"Moana" is Disney’s upcoming animated film set to be released this Thanksgiving. As the date of the premiere approaches, we’ve been given more and more information on the story, and a lot of that info has important repercussions. Here are just a few examples of why this movie is more important that your average Pixar film.
1. People of Color Played by People of Color
The film focuses on the South Pacific, an area largely neglected by the film and animation industry, and features Polynesia characters. The main character, Moana, is played by Auli'i Cravalho who is a native Hawaiian of Chinese, Portuguese, and Irish descent. The actor starring opposite of her, Dwayne Johnson, plays the demigod Maui. Johnson is of Samoan descent. It’s common in animated films to use white actors to play people of color because voice, not color is the main necessity. However, "Moana" refuses to continue that trend.
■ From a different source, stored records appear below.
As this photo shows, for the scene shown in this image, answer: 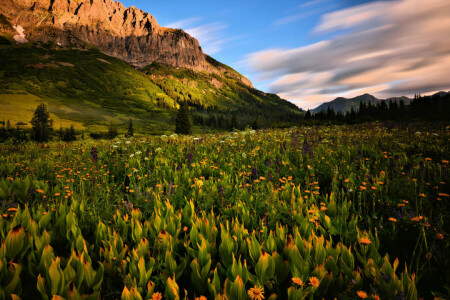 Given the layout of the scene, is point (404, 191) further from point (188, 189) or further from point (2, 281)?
point (2, 281)

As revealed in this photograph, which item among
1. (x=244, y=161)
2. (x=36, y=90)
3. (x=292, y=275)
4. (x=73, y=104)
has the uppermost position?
(x=36, y=90)

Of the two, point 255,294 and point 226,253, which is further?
point 226,253

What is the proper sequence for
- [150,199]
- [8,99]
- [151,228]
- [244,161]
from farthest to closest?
[8,99] < [244,161] < [150,199] < [151,228]

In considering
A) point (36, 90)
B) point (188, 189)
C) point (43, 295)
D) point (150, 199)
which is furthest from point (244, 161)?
point (36, 90)

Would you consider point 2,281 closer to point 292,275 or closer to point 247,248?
point 247,248

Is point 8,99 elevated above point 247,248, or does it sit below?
above

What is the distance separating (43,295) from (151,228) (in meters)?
0.97

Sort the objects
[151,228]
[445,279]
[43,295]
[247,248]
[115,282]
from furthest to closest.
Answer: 1. [151,228]
2. [247,248]
3. [115,282]
4. [445,279]
5. [43,295]

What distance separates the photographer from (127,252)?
2.08 meters

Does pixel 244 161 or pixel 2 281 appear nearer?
pixel 2 281

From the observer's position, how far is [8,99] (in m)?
148

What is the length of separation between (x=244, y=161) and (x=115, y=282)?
14.2 feet

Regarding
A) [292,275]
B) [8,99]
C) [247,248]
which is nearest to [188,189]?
[247,248]

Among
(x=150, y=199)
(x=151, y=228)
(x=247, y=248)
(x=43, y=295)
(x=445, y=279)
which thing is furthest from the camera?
(x=150, y=199) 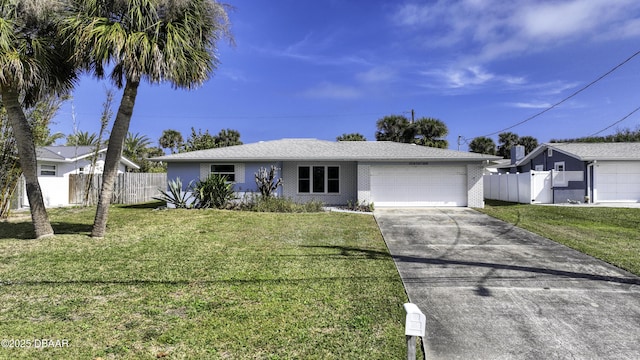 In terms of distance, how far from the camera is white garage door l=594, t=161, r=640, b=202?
17.9 m

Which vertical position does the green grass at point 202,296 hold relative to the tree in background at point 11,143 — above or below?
below

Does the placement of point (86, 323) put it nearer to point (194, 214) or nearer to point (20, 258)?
point (20, 258)

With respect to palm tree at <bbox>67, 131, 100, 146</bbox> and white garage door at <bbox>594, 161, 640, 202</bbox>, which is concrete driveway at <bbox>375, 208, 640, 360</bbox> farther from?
palm tree at <bbox>67, 131, 100, 146</bbox>

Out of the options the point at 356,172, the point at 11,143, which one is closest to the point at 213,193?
the point at 11,143

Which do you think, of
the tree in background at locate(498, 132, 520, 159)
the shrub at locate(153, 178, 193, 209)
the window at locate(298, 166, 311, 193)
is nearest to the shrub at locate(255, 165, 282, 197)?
the window at locate(298, 166, 311, 193)

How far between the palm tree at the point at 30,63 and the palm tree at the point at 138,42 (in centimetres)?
64

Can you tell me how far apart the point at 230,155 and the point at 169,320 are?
12.8 m

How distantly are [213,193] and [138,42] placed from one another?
26.2 feet

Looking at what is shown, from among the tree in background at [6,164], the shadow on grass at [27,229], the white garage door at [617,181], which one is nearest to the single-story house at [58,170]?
the tree in background at [6,164]

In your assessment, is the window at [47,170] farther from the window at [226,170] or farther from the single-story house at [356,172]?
the window at [226,170]

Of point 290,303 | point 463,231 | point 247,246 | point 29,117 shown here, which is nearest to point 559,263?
point 463,231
The diversity is also not limited just to the main characters, as the majority of the cast also consists of people of color, with only Moana’s pet rooster played by a white actor. They also have people of color writing the music and lyrics, with Lin-Manuel Miranda from "Hamilton" as the most well-known of the writers.
2. Strong Female Lead
While a lot of the marketing for the film has focused on Maui (probably because he’s played by the most well-known of the cast, Dwayne Johnson) what the previews have shown of "Moana" is that she’s a very strong female lead. When she meets Maui, she gets furious at him, refusing to back down even if he’s a demigod. She also orders him around on her boat as one of the trailers shows. Yet she’s not all rough edges. When she first sees Maui, she instinctively hides, protecting her pet rooster, and shows fear when she gets caught in a storm. Rather than fit into a stereotype of “nice and polite” or “rude and standoffish,” Moana offers bits of both, making her a well-rounded character, and thus a strong female.
3. Body Diversity
While I’ll admit, the female characters in this film appear to still be lacking in this area, the male characters’ proportions have shifted. Normally in animated films, the princely or heroic characters get portrayed as muscular, while the villains or comic relief get pictured as obese. There was some controversy when the first image of Maui got released, as he’s proportioned rather largely, and many worried that he would be taken as “fat” or “obese.” However, as the trailers have now shown, his size appears distinctly muscular and healthy. Moana’s father also takes on a similar, large stature. At no point so far has the male characters’ size been marketed as a joke or played off as comic relief. Rather, it gets accepted as a normal body type, as it is for so many in the world. The film could stand to improve by including women into that acceptance, but it’s a step in the right direction.
4. No Romance
It’s been confirmed that Moana won’t have a love-interest in the film. This comes as a refreshing break from most of Disney’s films with female main characters. Almost every Disney princess is known for her romantic relationships, and even the films that avoid a romance with a princess often find ways to incorporate the idea of romance. In "Frozen," while Elsa remains single, her sister pursues love for almost the entire film, and in "Brave," Merida doesn’t end up with a suitor, but her entire story comes as the result of refusing romance. Yet, none of the trailers give an indication that romance will feature prominently in Moana. While it’s completely fine for stories to be about romance, it’s also important that romance is the only theme out there. Children, especially little girls, need to see that they don’t have to be in relationship to do great things or be happy.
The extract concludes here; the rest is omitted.